Your cell phone may help you avoid the long lines at the airport this holiday season, as American Airlines is implementing a mobile boarding pass program at select airports.

In partnership with the Transportation Security Administration, the airline will enable customers to receive a two-dimensional bar code on their cell phones that will act as a boarding pass. The program is in trial at Chicago's O'Hare International Airport and will soon expand to domestic flights from Los Angeles International and John Wayne Orange County airports.

"Customers who choose this option can bypass printing a boarding pass at their home, office, or even at the airport to board their plane. They can go straight to security and then to the aircraft," said Mark DuPont, the company's VP of airport services planning, in a statement.
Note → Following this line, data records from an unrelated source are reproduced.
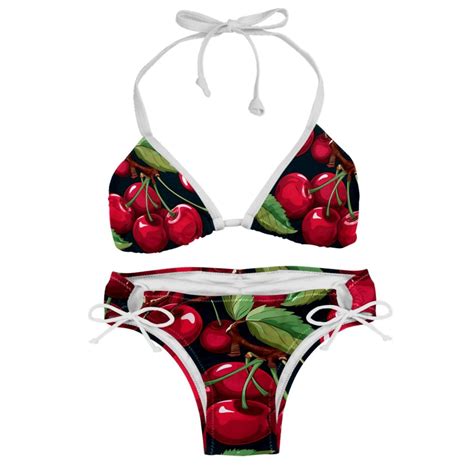 Cherry Detachable Sponge Adjustable Strap Bikini Set Two Pack Bikinis Swimsuits Beachwear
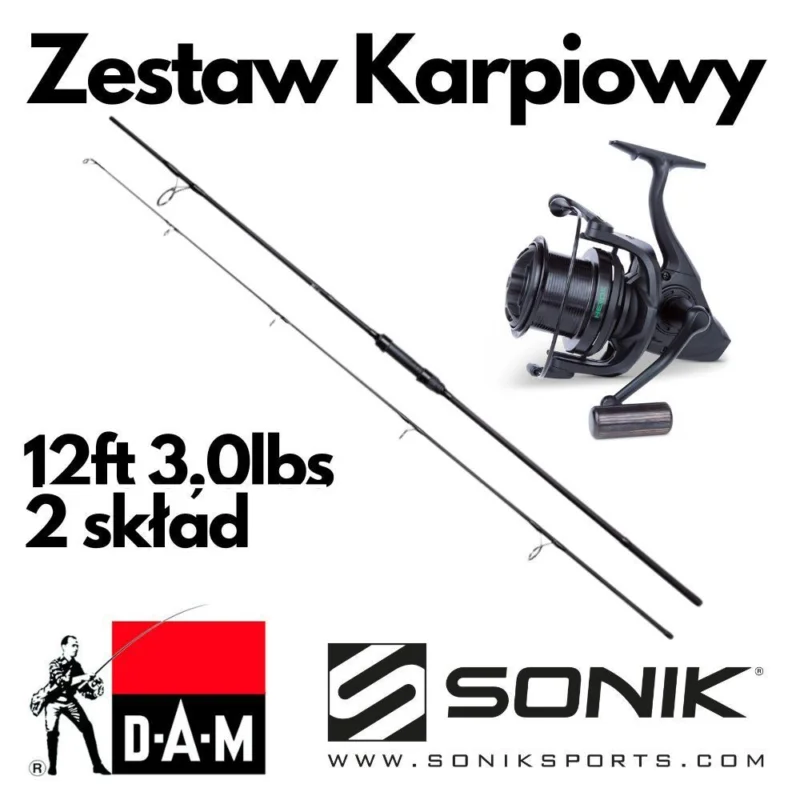 Zestaw Karpiowy Dam Iconic 12ft 3,0lbs 2sec + Herox10000 Promocja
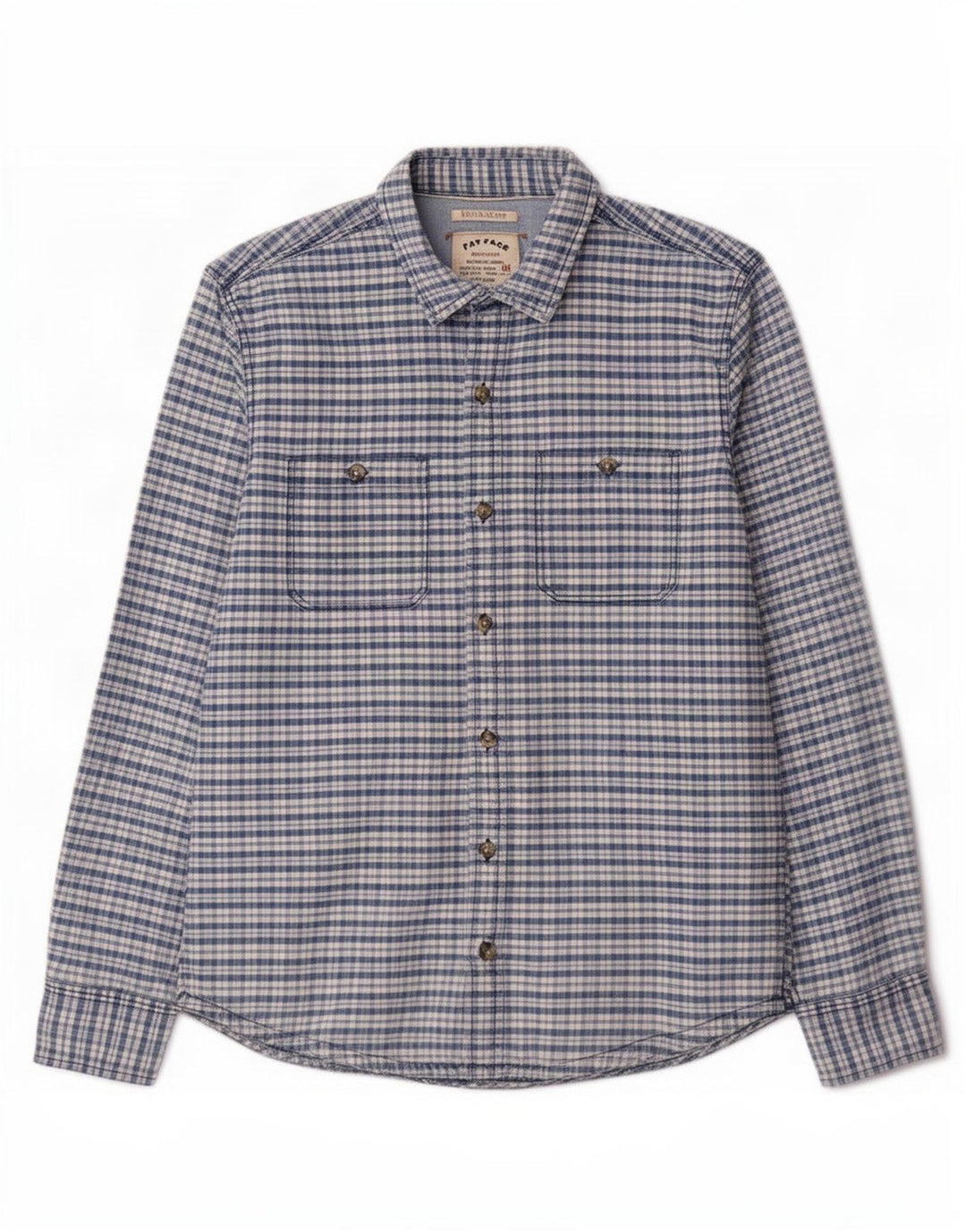 Fat Face Mens Regular Fit Shirt Small Blue Check Cotton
To use mobile boarding passes, customers have to have an active e-mail account and a phone that's Internet-enabled. When the customers check in via the airline's Web site through a desktop or mobile, they will have the option of getting a boarding pass sent to an Internet-enabled mobile device. Once the customers are at the airport, they can proceed directly to the security checkpoint where airport personnel can scan their phones.

American Airlines is just the latest airline to dabble in the mobile space, as Continental and Delta have been testing similar boarding pass programs in cooperation with the TSA.

Using cell phones and smartphones to check it was greatly boosted by the 2007 decision by the International Air Transport Association to introduce a global standard for boarding pass bar codes. The association represents about 93% of international air traffic, and all airlines must have bar coded boarding passes -- paper or digital -- fully implemented by 2010.